A Johns Hopkins engineer co-led a team that has sequenced the genome of the world’s most widely used model plant species, Arabidopsis thaliana, at a level of detail never previously achieved. Up until now, regions of this genome—including centromeres, the spindles which guide chromosomes as an organism grows rapidly from one to trillions of cells—have remained uncharted territory, due to their complex structure. Now, for the first time, researchers have revealed the secrets of the Arabidopsis centromeres, shedding light on their evolution, and providing insights into a paradox that has mystified scientists for decades. Their results were published today in Science.
“In this study, we resolve the sequence and structure of the centromeres of the most-studied plant species for genetics research: the one which we use for understanding the genetics of rice or corn or wheat or tomatoes and beyond,” said Michael Schatz, Bloomberg Distinguished Professor of Computer Science and Biology at Johns Hopkins University, who co-led the study with Ian Henderson, head of the Genetic and Epigenetic Inheritance in Plants Group at the University of Cambridge. “And though the research was in plants, it certainly has implications for human genetics, and understanding how human cells grow and divide so precisely.” The study also included co-first-author Michael Alonge, who recently completed his PhD in the Department of Computer Science at Johns Hopkins Whiting School of Engineering, working with Schatz.
Arabidopsis thaliana was adopted as a model plant due to its short generation time, small size, ease of growth and prolific seed production through self-pollination. Its fast life cycle and small genome make it well suited for genetics and to map key genes that underpin traits of interest. The small, flowering plant often found on roadsides has led to a multitude of discoveries, and, in 2000, it became the first plant to have its genome sequenced—except its centromeres, telomeres (a structure at the end of a chromosome), and a few other complex regions of the genome.
Since then, newer long-read sequencing technologies have advanced, allowing researchers to view the genome in greater than 100,000 nucleotide pieces, instead of 100 to 200 nucleotide pieces. This is thanks to the introduction of nanopore sequencing, which measures electrical current as nucleic acids are passed through a protein nanopore, a hollow structure inserted in a membrane. As DNA passes through the nanopore, different nucleic acid bases change the current in distinct ways. The resulting electrical signal is then decoded to provide the specific DNA sequence.

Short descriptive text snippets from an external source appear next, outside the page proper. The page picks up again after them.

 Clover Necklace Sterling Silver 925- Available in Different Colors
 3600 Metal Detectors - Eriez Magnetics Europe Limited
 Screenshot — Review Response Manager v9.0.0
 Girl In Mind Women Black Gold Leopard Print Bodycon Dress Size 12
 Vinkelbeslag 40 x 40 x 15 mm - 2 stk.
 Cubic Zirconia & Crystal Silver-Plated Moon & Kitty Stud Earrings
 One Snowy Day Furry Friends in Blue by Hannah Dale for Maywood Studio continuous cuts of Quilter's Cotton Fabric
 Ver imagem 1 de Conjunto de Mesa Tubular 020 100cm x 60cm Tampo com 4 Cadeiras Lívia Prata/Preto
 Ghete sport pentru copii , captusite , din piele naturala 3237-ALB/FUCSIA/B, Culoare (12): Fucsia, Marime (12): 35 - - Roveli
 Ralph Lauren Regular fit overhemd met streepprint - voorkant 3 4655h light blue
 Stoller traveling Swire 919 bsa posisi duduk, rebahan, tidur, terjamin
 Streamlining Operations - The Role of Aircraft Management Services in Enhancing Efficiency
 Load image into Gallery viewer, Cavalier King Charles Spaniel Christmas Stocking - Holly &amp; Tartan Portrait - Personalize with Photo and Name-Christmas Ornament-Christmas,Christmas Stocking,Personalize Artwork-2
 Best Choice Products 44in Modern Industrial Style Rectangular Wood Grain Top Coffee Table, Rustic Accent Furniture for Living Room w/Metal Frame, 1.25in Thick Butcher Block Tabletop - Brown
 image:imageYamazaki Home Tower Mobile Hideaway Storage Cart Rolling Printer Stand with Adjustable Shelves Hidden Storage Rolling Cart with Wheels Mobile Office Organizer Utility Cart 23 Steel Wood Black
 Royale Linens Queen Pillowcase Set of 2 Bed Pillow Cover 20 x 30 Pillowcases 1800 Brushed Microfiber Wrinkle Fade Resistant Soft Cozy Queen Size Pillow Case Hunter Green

These data, combined with algorithmic advances that assemble the reads, means that solving the “genomic jigsaw puzzle” is suddenly possible in a way that it wasn’t previously. Critically, this also means that probing the genetic makeup of the centromere, which had previously proved to be a dead end due to its challenging structure, is now possible.
“It’s fantastic to be able to see into the centromeres for the first time and use this to understand their unusual modes of evolution,” Henderson says.
For decades, researchers have been trying to understand the paradox of how and why centromeric DNA evolves with extraordinary rapidity, while remaining stable enough to perform its job during cell division. In contrast, other ancient parts of the cell tend to be very slow evolving. This study, by revealing the genetic and epigenetic topography of Arabidopsis centromeres, marks a step change in our understanding of this paradox.
“What is amazing about it is all higher organisms use this process, including all 10 trillion cells in your body, as well as the quadrillions of cells in other plant and animal species. What is surprising about this is even though the function of centromeres was established and maintained over billions of years, the DNA sequence for centromeres is extremely variable; it’s actually one of the most variable parts of any genome,” Schatz says.
The study’s “maps” provide new insights into the “repeat ecosystem” found in the centromere, revealing an architecture of repeat arrays, which has implications for how they evolve and more. The authors’ model reveals that centromeres evolve via cycles of sequence duplication and diversification. The research team plans to use these maps as a foundation to understand how and why centromeres are evolving so rapidly.